Putting networks into buckets
We want to reduce the number of rows BigQuery needs to read. A good way to do this is by placing networks into buckets such that we only need to look into a single bucket.
We could choose to bucket networks into CIDR prefixes of size /16. This means that if we're looking for information about a particular IP then we would only need to look at rows with networks in that IP's /16 bucket. How would that look?
CREATE TABLE dataset.network_country_ipv4 AS ( network string, country string, start_int integer, end_int integer, network_bucket integer );
and
CREATE TABLE dataset.network_country_ipv6 AS ( network string, country string, start_int bytes, end_int bytes, network_bucket string );
For IPv4 the network bucket can be integer as before. However for IPv6 we
use string and store the hex representation of the network's bucket. We
do this because we need to cluster the table by network_bucket and
BigQuery does not support clustering on bytes.

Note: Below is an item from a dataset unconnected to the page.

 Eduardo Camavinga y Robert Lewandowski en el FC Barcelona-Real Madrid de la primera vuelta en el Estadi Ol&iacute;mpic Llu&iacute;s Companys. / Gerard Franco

How do we calculate network_bucket? Again we can do this in a
pre-processing step before loading the data into BigQuery. However there
are some things to remember when doing this pre-processing.
First, if you have a network that is larger than the bucket size, you need
to include that network in all appropriate buckets. For example, if your
bucket size is /16 and you have the network 2.0.0.0/15, you need to split
it up such that it appears twice: It needs to appear once for 2.0.0.0/16
and once for 2.1.0.0/16. The CSV goes from:
network,country 1.1.0.0/16,CA 2.0.0.0/15,US
to:
network,country,start_int,end_int,network_bucket 1.1.0.0/16,CA,<1.1.0.0 as int>,<1.1.255.255 as int>,<1.1.0.0 as integer> 2.0.0.0/15,US,<2.0.0.0 as int>,<2.1.255.255 as int>,<2.0.0.0 as integer> 2.0.0.0/15,US,<2.0.0.0 as int>,<2.1.255.255 as int>,<2.1.0.0 as integer>
Note I've chosen to duplicate all column values other than the bucket.
Second, if we have a network that is smaller than the bucket size, we need
to apply the prefix mask to it when setting the bucket column. For example,
if we have the network 3.4.5.0/24, we should not use 3.4.5.0/24 as the
bucket. Instead we should use 3.4.0.0/16.
As I mentioned, we'll also want to cluster the tables by network_bucket.
This allows BigQuery to only look at relevant parts of the table when
querying.
We can query these tables like so:
SELECT country FROM dataset.network_country_ipv4 WHERE network_bucket = NET.IPV4_TO_INT64( NET.IP_TRUNC( NET.IP_FROM_STRING('1.1.1.1'), 16 ) ) AND NET.IPV4_TO_INT64( NET.IP_FROM_STRING('1.1.1.1') ) BETWEEN start_int AND end_int;
and
SELECT country FROM dataset.network_country_ipv6 WHERE network_bucket = TO_HEX( NET.IP_TRUNC( NET.IP_FROM_STRING('f00::beef'), 16 ) ) AND NET.IP_FROM_STRING('f00::beef') BETWEEN start_int AND end_int;
As you can see, we need to check start_int and end_int as well as the
bucket because while we are limiting to rows in the bucket, it's possible
networks will be in the bucket which do not include our IP.
Joining a table of IPs can be written in a similar way:
SELECT country FROM dataset.my_ips_ipv4 i JOIN dataset.network_country_ipv4 c ON c.network_bucket = NET.IPV4_TO_INT64( NET.IP_TRUNC( NET.IP_FROM_STRING(i.ip), 16 ) ) AND NET.IPV4_TO_INT64( NET.IP_FROM_STRING(i.ip) ) BETWEEN c.start_int AND c.end_int;
A join will cause BigQuery to process all rows, but it will join more efficiently than if you didn't include the network bucket.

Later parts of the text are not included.